* [What is being asked] Where a picture shows up in the listing below, omit it and output the rest exactly.

* [Data shown]
☆ ☆ ☆ ☆

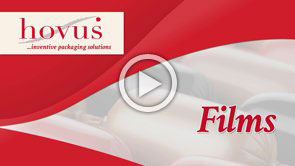 Hovus films video thumbnail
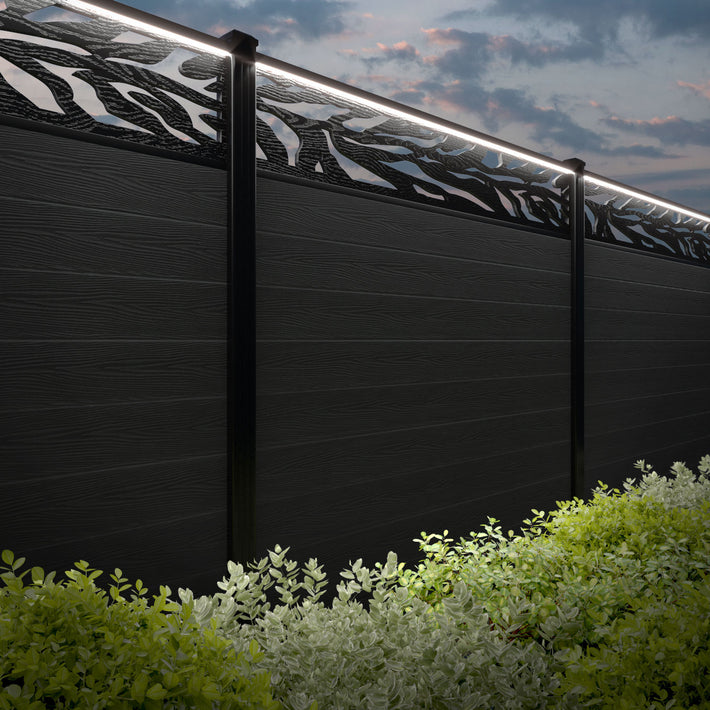 lumifence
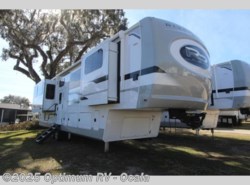 New 2021 Palomino River Ranch 390RL available in Ocala, Florida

☆ ☆ ☆ ☆

* [Answer section]
 Hovus films video thumbnail
 lumifence
 New 2021 Palomino River Ranch 390RL available in Ocala, Florida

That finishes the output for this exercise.